In the second case, RBH Building Contractors Ltd v James & Anor EWHC 2005, RBH was engaged orally by Mr and Mrs James to demolish and rebuild a luxury home in Devon. Payments were agreed on a weekly and monthly basis, plus overhead and profit.

A dispute arose in 2024 and RBH applied for £663,000. The James' responded with a letter stating that £0 was payable, providing short bullet-point reasons. Adjudication followed, with RBH awarded the claimed sum and adjudicator's fees.

When RBH sought to enforce, the James' resisted, arguing they were residential occupiers under section 106 of the Housing Grants, Construction and Regeneration Act 1996 (HGCRA), ousting statutory adjudication, and that their pay less notice was valid.

The TCC dealt with three key issues.

1. Residential occupier exception: the court found the James' had a real prospect of establishing residential occupier status, meaning the adjudicator may have lacked jurisdiction. Evidence supporting this included selling their prior home, living on site, GP registration, electoral roll entry and the bespoke design of the property. Commercial loan documents suggesting a development purpose were relevant but not determinative. Summary judgment to enforce the award was therefore refused.

2. Pay less notice validity: the court adopted a commonsense, objective approach, rejecting overly technical arguments. The notice, while brief, made clear the reasons for withholding payment and provided enough context for a reasonable recipient to understand the basis for the £0 payment. Arithmetic precision or a detailed schedule was not required.

3. Adjudicator's fees: the court could not overturn the adjudicator's decision on fees, even though the substantive award was unenforceable. This followed consistent case law that treats fee decisions as final and ancillary.

There are several implications for building surveyors.

  1. Identify residential occupier risk early: for high-value domestic projects, assess whether statutory adjudication applies and advise clients accordingly.
  2. Draft clear payment notices: when acting for employers or contractors, ensure notices explain the basis for payment or withholding payment – even brief bullet points can suffice if linked to the claim.
  3. Manage adjudication costs: be aware that adjudicator's fees are typically irrecoverable, even if the substantive decision is later overturned and factor this into advice and dispute strategy.
  4. Evidence matters: keep detailed, contemporaneous records of intent and usage when working on domestic projects, as factual disputes often determine jurisdiction.

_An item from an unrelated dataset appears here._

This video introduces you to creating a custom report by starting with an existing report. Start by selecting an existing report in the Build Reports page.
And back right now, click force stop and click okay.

Permission to appeal to the Court of Appeal was granted on 7 October 2025 and is due to be heard by 30 September 2026.

Landmark case on RCOs

The third case, Triathlon Homes LLP v Stratford Village Development Partnership & Anor [2025] EWCA Civ 846, together with the related case Adriatic Land 5 Ltd v Long Leaseholders of Hippersley Point 2025] EWCA Civ 856), provide landmark guidance on remediation contribution orders (RCOs) under the Building Safety Act 2022 (BSA).

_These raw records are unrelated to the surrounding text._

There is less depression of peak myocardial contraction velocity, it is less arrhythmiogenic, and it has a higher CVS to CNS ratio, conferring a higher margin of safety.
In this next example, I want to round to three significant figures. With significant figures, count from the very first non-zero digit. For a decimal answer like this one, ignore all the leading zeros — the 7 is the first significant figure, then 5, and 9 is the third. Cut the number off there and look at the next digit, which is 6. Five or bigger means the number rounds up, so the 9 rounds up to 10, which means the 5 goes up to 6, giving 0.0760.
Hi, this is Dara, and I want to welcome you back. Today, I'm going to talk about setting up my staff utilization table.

At the East Village estate in Stratford – the former Olympic Village – serious fire safety defects were discovered in five residential blocks. Triathlon Homes, a social housing leaseholder, sought RCOs under section 124 of the BSA against the original developer (SVDP) and its associate (Get Living plc).

The First-tier Tribunal granted the RCOs, including for costs incurred before the Act came into force. The developers appealed.

Adriatic Land 5 Ltd v Hippersley Point, clarified that Schedule 8 of the BSA shields leaseholders from service charges but does not enable recovery of sums already paid – RCOs are the route for that.

The Court of Appeal dismissed the Triathlon Homes appeal, providing landmark guidance.

1. Developers' primary responsibility: the BSA's purpose is to place financial responsibility on developers and associated companies for historic and future remediation costs. Public funding, such as the UK government's Building Safety Fund, is a last resort.

2. Retrospectivity of RCOs: Section 124 of the BSA applies to costs incurred before June 2022. Retrospective effect was a deliberate legislative choice, prioritising accountability and leaseholder protection over potential unfairness to developers.

3. 'Just and equitable' test: the discretionary nature of RCOs acts as a safeguard, allowing the Tribunal to consider fairness in individual cases. Factors such as ownership changes, funding agreements, or parallel proceedings do not negate liability.

There are several implications for building surveyors.

  • Cost recovery opportunities: surveyors advising landlords, leaseholders or managing agents should explore RCOs as a route for recovering historic and future remediation costs.
  • Documentation discipline: records of historic works, costs and defects are now critical for supporting applications.
  • Funding applications: the judgment reinforces that public funding is secondary; applications to the Building Safety Fund should be accompanied by parallel recovery efforts against developers and associates.
  • Risk advice for developers: for clients in development or asset management, the judgment underscores the need for proactive risk assessment and budgeting for potential RCO exposure.
  • Wider leaseholder protection: building managers and surveyors must understand that service charge recovery for safety defects is heavily restricted where the landlord is the developer or its associate.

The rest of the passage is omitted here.